UN halts rebel advances in DRC

afrol News, 29 October - United Nations peacekeepers have launched a massive attack using helicopters for a second successive day, to halt rebel advance in eastern Democratic Republic of Congo.

The fighting started on Sunday when Laurent Nkunda's fighers from National Congress for the Defence of the People (NCDP) launched a major attack in eastern North Kivu province.

UN's largest peacekeeping mission, MONUC, increased its intervention in the conflict as tens of thousands of displaced civilians flocked to refugee camps and government soldiers abandoned their positions.

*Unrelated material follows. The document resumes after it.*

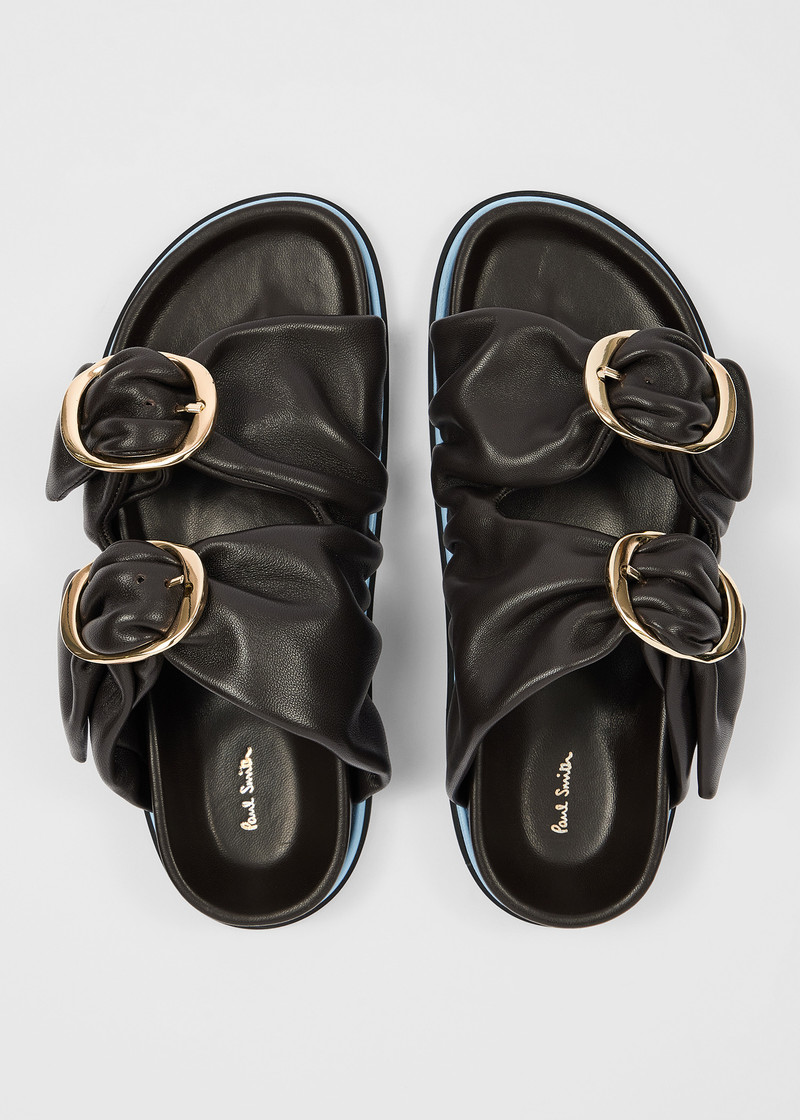 Women's Dark Brown 'Camolin' Double Strap Mule Sandals 5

The clashes centred on Kibumba around 30 kilometres north of Goma, where UN aircraft fired on rebel positions, stalling their advance on the regional capital, and forcing them to retreat to higher ground.

According to local reports, a top aide to General Nkunda said rebels would take Goma, whose population has been swelled by refugees from the fighting, within three days, despite having their progress slowed by the UN attack.

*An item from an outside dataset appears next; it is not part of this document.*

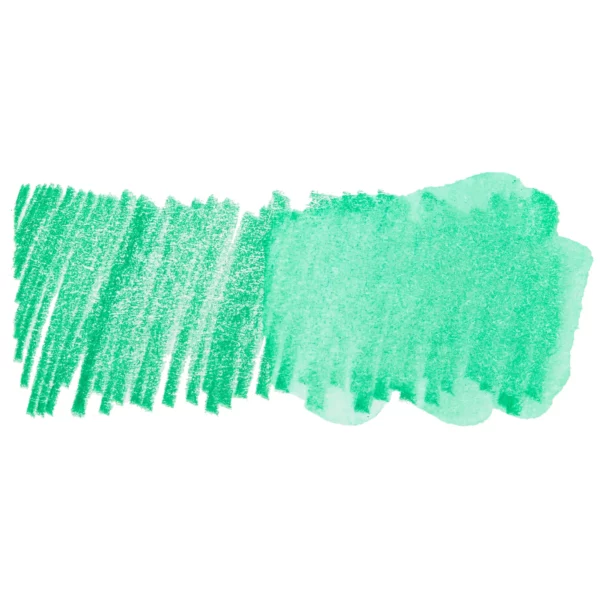 A swatch of a Mint Leaf Derwent Inktense Colour Pencil can be seen horizontally, across the center of the frame. On a white background.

Government officials said forces are blocking roads into Goma from the north, but had pulled out in disarray from a second position further north.

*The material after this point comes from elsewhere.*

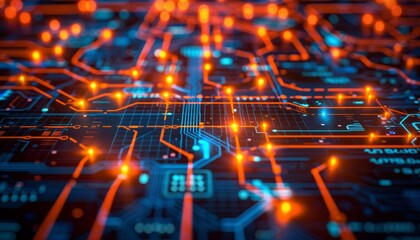 Futuristic blueprint of a digital network with glowing lines and nodes for connections and data exchange.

Meanwhile, Kinshasa government has accused neighbouring Rwanda of supporting general Nkunda, a charge Kigali has denied.

"General Nkunda's troops were backed by Rwandan tanks which are pounding our positions from border hill positions," a government official said.

UN Secretary General Ban Ki-moon, announced that he had dispatched two of his senior aides to talk to all parties to the conflict. "First and foremost, the fighting must be stopped," Mr Ban said.

"And I am deeply concerned about the civilian casualties as well as increasing number of internally displaced persons," he added.

Mr Ban said he was already consulting with leaders of Congo and its neighbour Rwanda as well as European and African leaders to help resolve the conflict.

He said he was particularly worried about the situation in Goma in eastern part of the country, where even UN personnel have been attacked. "The situation in Goma is worrisome," he said.

Fighting that broke out between the two sides in August violating a January ceasefire treaty has displaced some 200,000 people, United Nations food aid agency has said.